Content uploaded by Kesten Green

Author content

All content in this area was uploaded by Kesten Green on Jan 27, 2019

Content may be subject to copyright.

Data Models for Forecasting:

No Reason to Expect Improved Accuracy

J. Scott Armstrong

jscott@upenn.edu

The Wharton School, University of Pennsylvania

and Ehrenberg-Bass Institute, University of South Australia

Kesten C. Green

kesten.green@unisa.edu.au

University of South Australia Business School

and Ehrenberg-Bass Institute, University of South Australia

January 26, 2019 - Version 22

In the mid-1900s, there were two streams of thought about forecasting methods. One stream—led by

econometricians—was concerned with developing causal models by using prior knowledge and evidence

from experiments. The other was led by statisticians, who were concerned with identifying idealized “data

generating processes” and with developing models from statistical relationships in data, both in the

expectation that the resulting models would provide accurate forecasts.

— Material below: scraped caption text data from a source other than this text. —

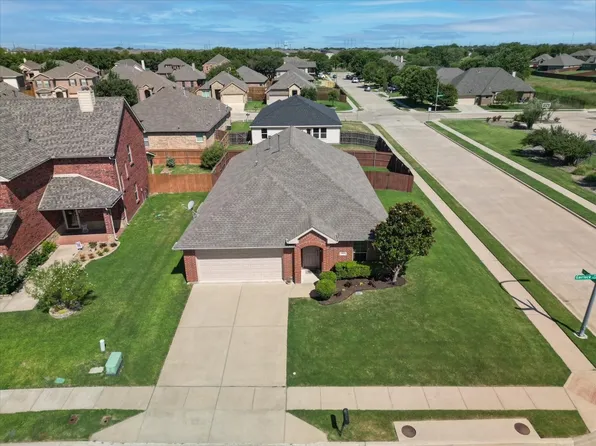7517 Gairlock Dr, Fort Worth, TX 76179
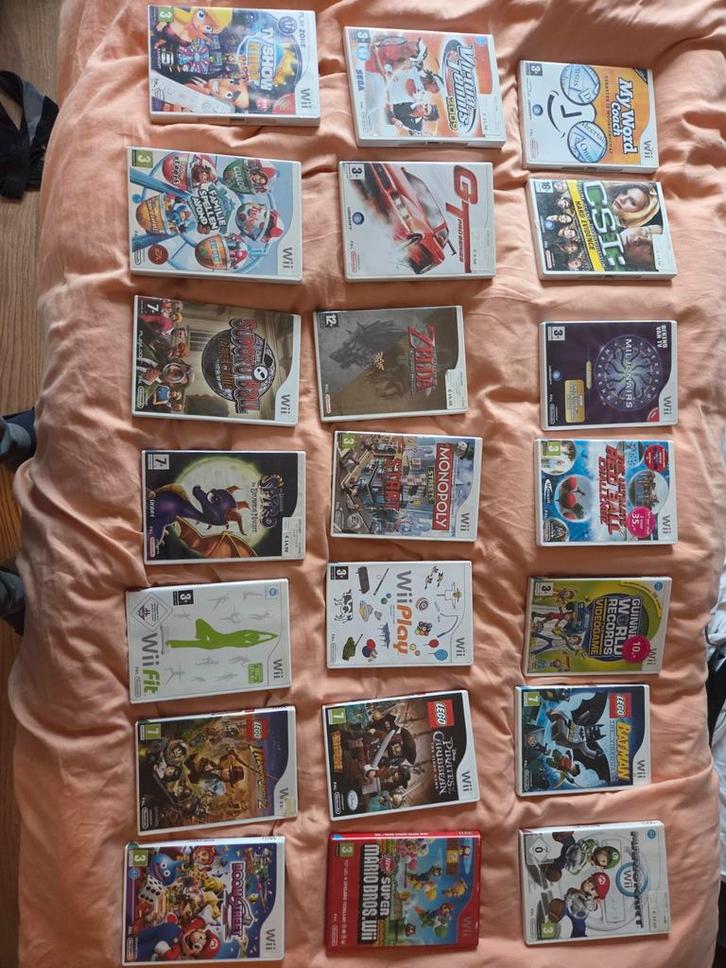 Wii game Console met 21 Games Wii Fit & balance board, Spelcomputers en Games, Games | Nintendo Wii, Gebruikt, 3 spelers of meer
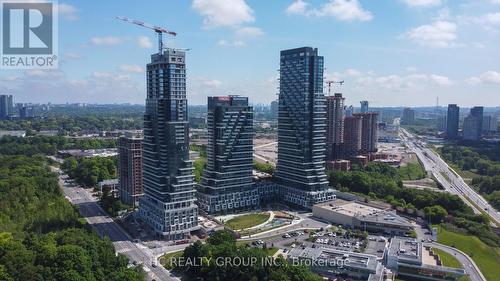 133 - 20 Inn On The Park Drive, Toronto, ON - Outdoor With View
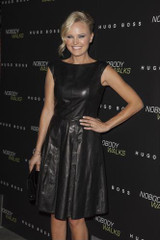 Malin Akerman stuns at Nobody Walks premiere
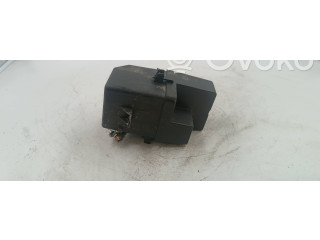 Блок предохранителей 1J0941389b Volkswagen Golf IV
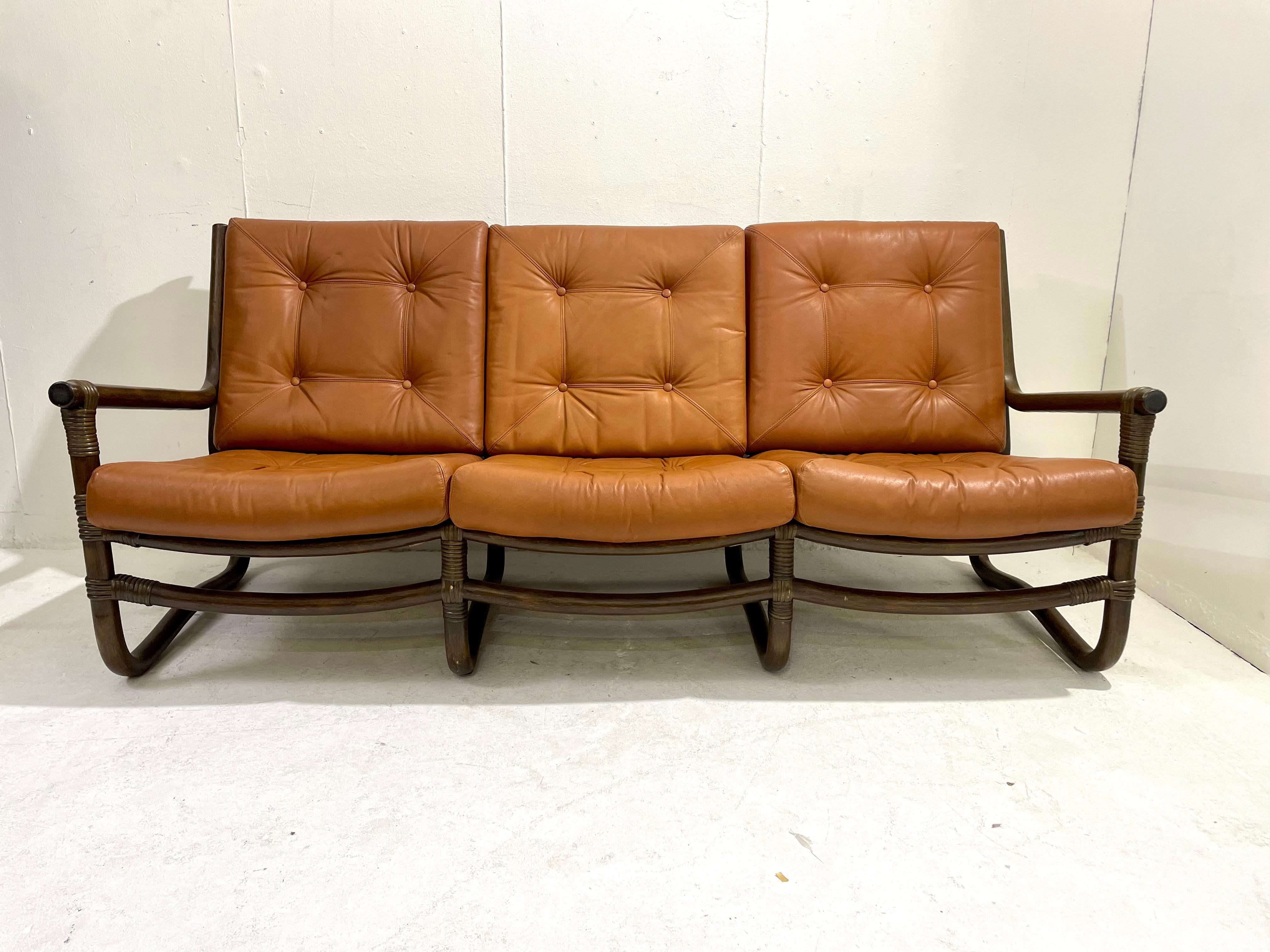 Late 20th Century Mid-Century Modern Rattan and Cognac Leather Sofa, Italy 1970s For Sale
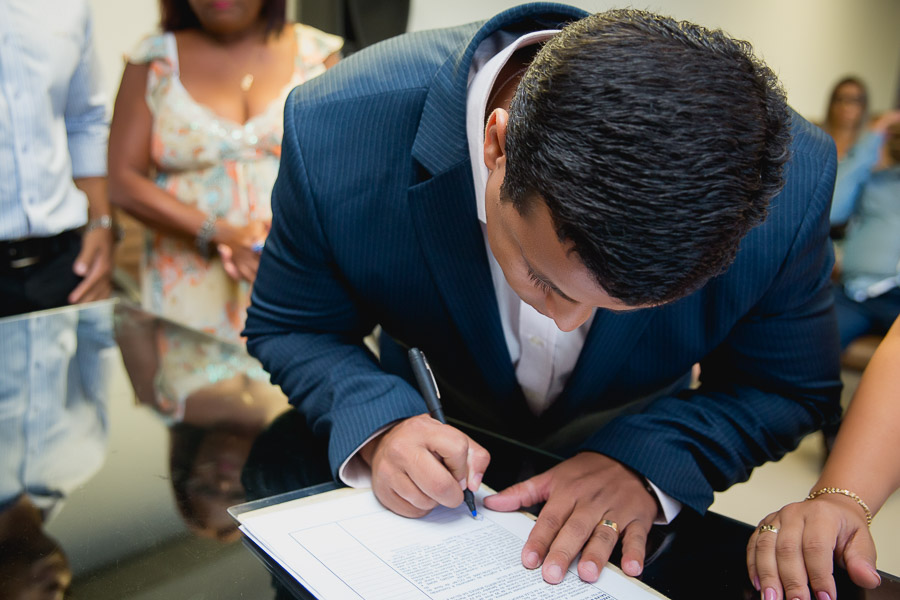 noivo assinando certidão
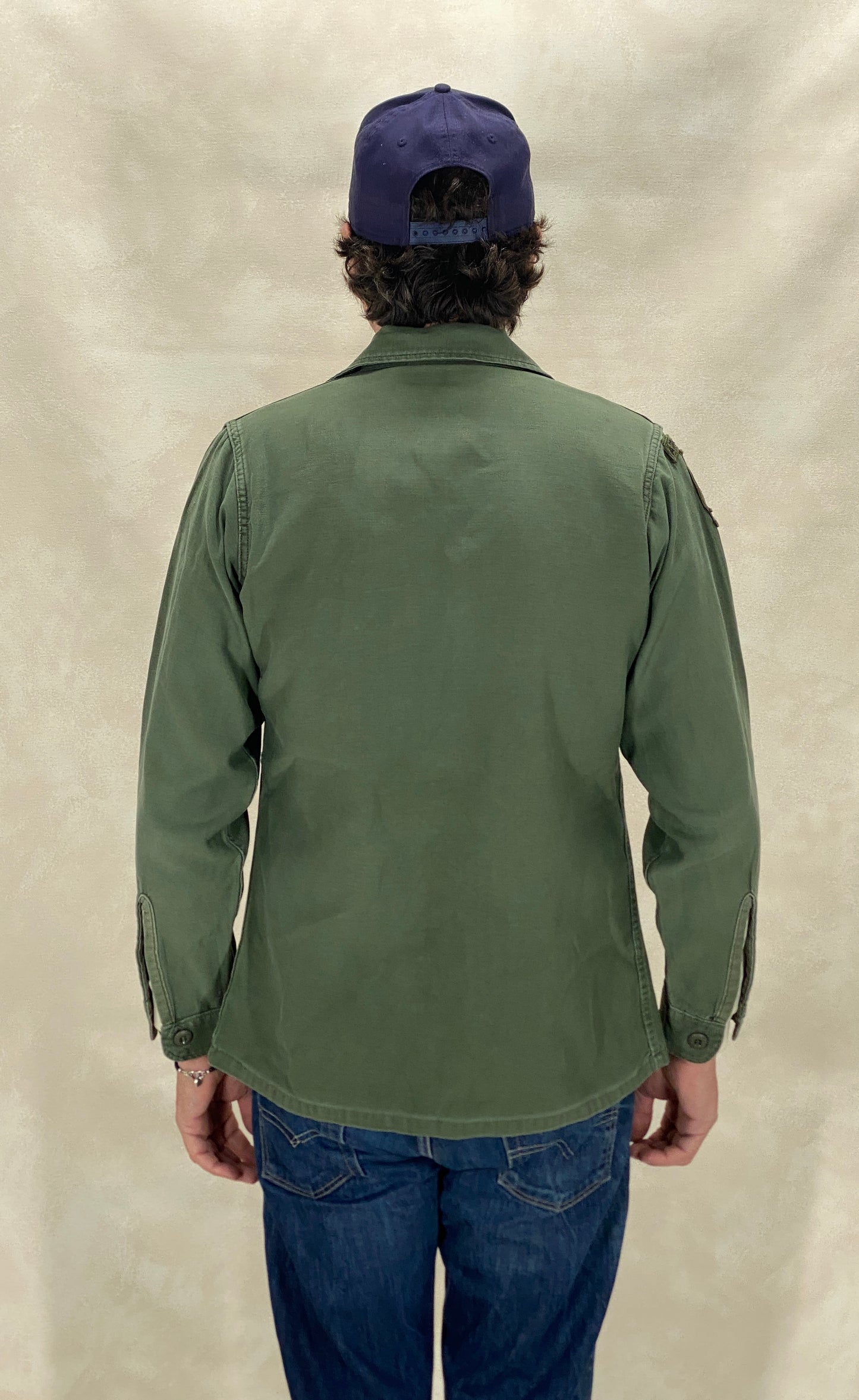 Small. Authentic Vintage US Army Vietnam war era 1967 OG 107 type 1 fatigue shirt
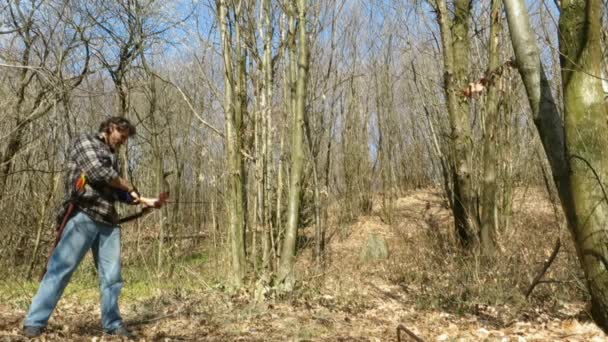 Mann schießt mit Recurvebogen — Stockvideo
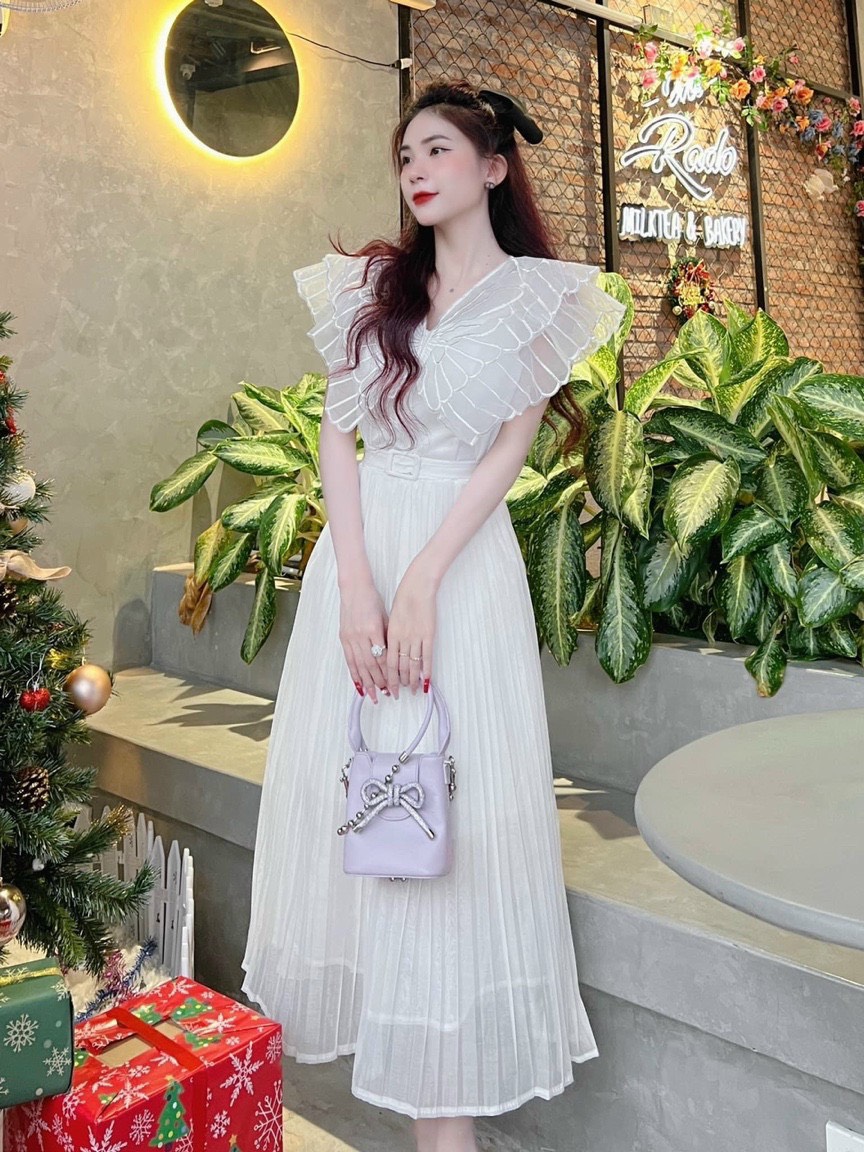 Đầm midi dáng xòe chất voan chinfon cổ voan bồng trước ngực công chúa, Đầm dáng xòe chất voan chinfon 2 lớp ngực bồng xinh xắn, Đầm nữ chất voan chinfon dáng xòe công chúa bồng trước ngực đáng yêu DX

At that time, regression analysis was a costly process. In more recent times, regression analysis and

related techniques have become simple and inexpensive to use. That development led to automated

procedures such as stepwise regression, which selects “predictor variables” on the basis of statistical

significance. An early response to the development was titled, “Alchemy in the behavioral sciences”

(Einhorn, 1972). We refer to the product of data-driven approaches to forecasting as “data models.”

The M4-Competition (Makridakis, Spiliotis, Assimakopoulos, 2018) has provided extensive tests of

whether data models—which they refer to as “ML methods”—can provide accurate extrapolation

forecasts of time series. The Competition findings revealed that data models failed to beat naïve models,

and established simple methods, with sufficient reliability to be of any practical interest to forecasters. In

particular, the authors concluded from their analysis, “The six pure ML methods that were submitted in

the M4 all performed poorly, with none of them being more accurate than Comb and only one being more

accurate than Naïve2” (p. 803.)

Over the past half-century, much has been learned about how to improve forecasting by conducting

experiments to compare the performance of reasonable alternative methods. On the other hand, despite

billions of dollars of expenditure, the various data modeling methods have not contributed to improving

forecast accuracy. Nor can they do so, as we explain below.

1. Data Models Violate the Golden Rule of Forecasting

The Golden Rule of forecasting is to “Be conservative by using prior knowledge about the situation

and about forecasting methods.” It was developed and tested by Armstrong, Green and Graefe (2015).

The Golden Rule paper provided 28 evidence-based guidelines, which were tested by reviewing papers

with relevant evidence. The review identified 105 papers with 150 experimental comparisons. All

comparisons supported the guidelines. On average, ignoring a single guideline increased forecast error by

more than 40% on average.

One way to incorporate prior knowledge is to use the findings of experiments on which methods work

best for the type of situation being forecast. In addition, in practical forecasting situations one can use

experts’ domain knowledge about the expected directions of trends. In an earlier M-Competition, these

two sources of knowledge were implemented by “Rule-based forecasting” (Collopy and Armstrong

1992).

Rule-based forecasting uses domain knowledge to select extrapolation models based on 28 conditions

of the data in order to produce combined forecasts. It then uses 99 simple rules to weight each of the

forecasting methods. For six-year ahead forecasts, the ex ante forecasts provided a 42% reduction

compared to those from equal-weights combinations. Other sources of prior knowledge that can be used

include decomposition of time-series by level and change (Armstrong and Tessier, 2015), and by causal

forces (Armstrong & Collopy, 1993.)

2. Data Models Violate Occam’s Razor

Occam’s Razor, a principle that was described by Aristotle, states that one should prefer the simplest

hypothesis or model that does the job. A review of 32 studies found 97 comparisons between simple and

complex methods (Green and Armstrong, 2015). None found that complexity improved forecast accuracy.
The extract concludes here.